我女儿的联想:一个小游戏,叫《春之头(Spring Head)》,画面上春天开放的桃花和嫩草之间,一个桃色小精怪滑稽的头脸,头上两只桃色的耳朵,两只金色的角,还有五个蓝紫色的包包。点击五个包包,每个包包都会像小树长芽一般地长出不同小东西来,一点开五朵花,二点飞五只鸟,三点生五个星球,四点生五个小精怪,五点给五块奶酪,六点给五个甜食,七点出五个字母“FUNNY”,八点出五个图标,好玩!我的联想:在西藏去墨竹工卡走过一段无路之路,那“路”只有一车宽,左悬崖右深涧,少不留意就车毁人亡,惊险!路上人迹稀少,车迹罕见,全车人绷紧神经盯着眼前的路,路上满是青白色的碎石,盯久了头昏眼花。路边稍宽处碎石间,时常出现一些 人为堆起的石堆,一小堆一小堆的,简单的只有三块,大的在下面,中间的小些,上面放的最小的一颗,就像一只可以通灵的“角”。这朴素而神奇的情景极深刻地触动了我的心,西藏的朋友说,那是运输车司机祈祷的玛尼石。
赋予形象超现实的神奇,是“虚拟自我”的基本方式,空空孕育于流动彩虹,七种颜色的空空一形多身,熊文运自如地转换着七彩空空的身份和性别,给空空缝衣服、选饰物、甚至做日常用品,带空空周游世界:巴黎、维也纳、东京、西西里,带空空逛北京:天安门、西单、三里屯、中关村、地铁,为空空打造故事:从日常化的旅行、失恋、乘车,到新闻性抢劫、反恐、拍广告、看世界杯,直到社会性的参与选举、联合国会议,无所不能。在为空空做这一切现实而虚拟的过程中,熊文运成功地消解了一个做事业的单身女人,人到中年,不甘心、要折腾、想诉苦的压抑和焦躁的心态,获得了如同一个妈妈养孩子的愉悦、平静和满足。那个时期,熊文韵甚至对空空有了一种虚拟的“心疼感”,她当时对我说,孕育空空,她“体验生孩子养孩子的各种感受,现在没有遗憾,愉快、自然、踏实,不再虚荣,总之一切都很顺”。

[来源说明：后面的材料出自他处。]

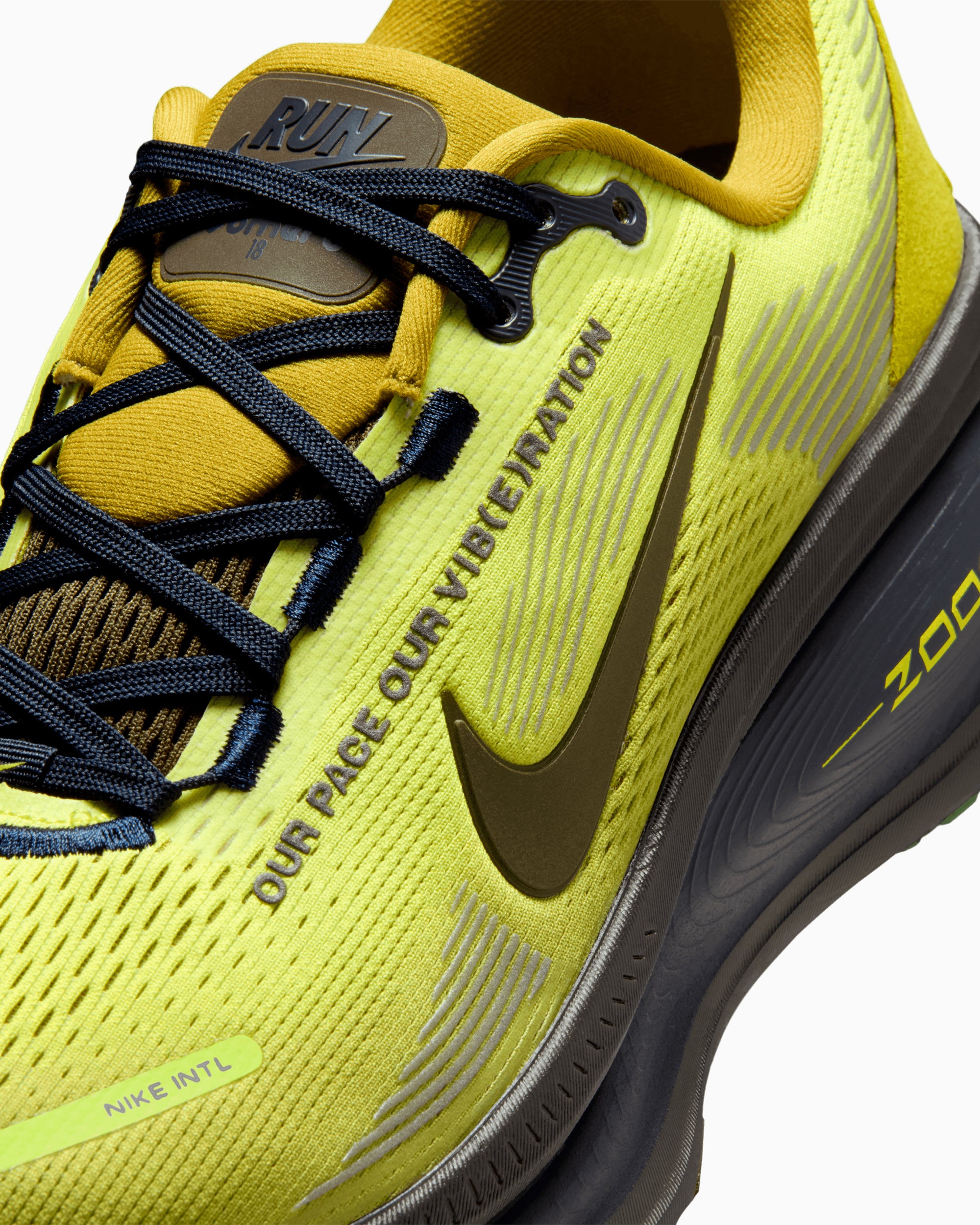 Sneakers Nike Women's Vomero 18 SE - IQ3413-704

最可贵的是,熊文韵几乎是被自我的心理需求和体验驱使、在完全无功利的心态下创造了空空,她甚至没想过《空空》作为一个作品的整理、展示和收藏的方式,以至于空空早期这些周游和故事的图片,像素过低不能放大,而且直到我为这次做展览和她商量的时候,她对空空及其作品的梳理还停留在感性的“絮叨”中。
空空的一个形象转换,是平面化的动漫版空空。平滑的细线勾勒出简洁造型,单纯的颜色平涂得有点粉气。熊文韵又为空空制作了一系列动漫故事、表情图示、绘本种种,让空空在网络上流通起来。动漫版空空,无性别、无身世,角色转换更加自如,故事也更日常和都市生活化:挤车、按摩、美容、减肥、吃串、打电脑、网恋、打麻将、蹲马桶、灭蟑螂、刷牙、睡觉、打针、正骨、自虐、游泳、跳舞、照相、打太极、过圣诞、聚会、购物、剪彩、推销、跳楼,应有尽有。此时,熊文韵已经将生活和工作重心从日本转回北京,生活和心态都相对平静,中国网络和动漫文化迅速的发展,与熊文韵在日本多年受到的流行尤其动漫文化的影响,轻而易举地对接了。
空空的另一个形象转换,是图示化的曼陀罗空空。剪影般的造型,连同衍生出来的类似原始细胞的造型,对称均衡,色彩单纯,都被放置在层层圆满的曼陀罗图示中轮回。空空的最新形象,如同一个修行者,在佛教绘画般装饰性的山水中,闲闲淡淡。西藏、曼陀罗、佛,在熊文韵心中的情结,宋庄农村式闲散的生活方式,又一次通过空空对接了。
三.本源
有一个心理游戏,测试别人眼中的“你”、你自己想成为的“你”、本质的“你”,结果每个被测试人的三个“你”都不同,有的甚至差别很大。现实中别人眼中的只是“你”的一部分“自我”。
每个人的“自我”在现实中都有不能充分实现的部分,或者说,现实中的“自我”都是不完整的,往往借助“另一种”方式转化和实现。
坐禅的人经常会意识到心里有两个“自我”不停地对话,还有那个意识到有两个“自我”对话的第三个“自我”。其实不必到坐禅,只要我们稍能心静,就能感受到“自我”内心的对话。这样的方式,止于内心,不需要在现实中铺陈,不受时空限定,可谓最本能、最自如的“自我”转化。外化形式也有多种,单纯的如自言自语、书写日记,复杂的如寄情于某个具体的“物化”对象,甚至直接“进入情境”,把自己想象成某种超自我的人、动物、植物,甚至物品。中国人对天地万物倾诉,以花草自喻悲秋伤春,梅妻鹤子种种,西方人的以宠物为亲友,恋物情结种种,大约都是源自“自我”的另一种实现的需求。
“空空”正是熊文韵“自我”的另一种实现的艺术化形象。
“自我”的另一种实现,是人类在现实社会之外,为自我永远保留的一块自娱自乐自我实现的绿地。作为自我形象的补偿、扩展和再创造,它与人类的现实形象共生共存,体现着同样重要的存在价值,也会随着不同阶段的心理需求而改变。新世纪,“自我”的另一种实现,拥有更为广泛的文化背景,人们可以通过与现实直接相关的网络(无论是网络游戏还是网络交往),扮演多个不同的自我、塑造完美的自我,甚至创造全新的自我。虚拟自我隐匿了现实身份,同时也规避了社会规则的制约,得到自我实现的可能性和行为的价值合理性在很大程度上突破了人类现实的生存方式。
《空空》拥有持续的“生命状态”──从孕育、出世到成长的完整过程,与艺术家个人日常生活的变化息息相关,与艺术家个人心理体验的纠结血脉相连,并且依然在“成长中”。《空空》拥有综合的“语言方式”──从传统的绘画,到当代的观念、摄影、行为、装置,到最时尚的动漫,从最古老的曼陀罗图示,到最前卫的混搭样式,到最女性、最原始的手工劳作。
《空空》是中国当代艺术中最独特的作品。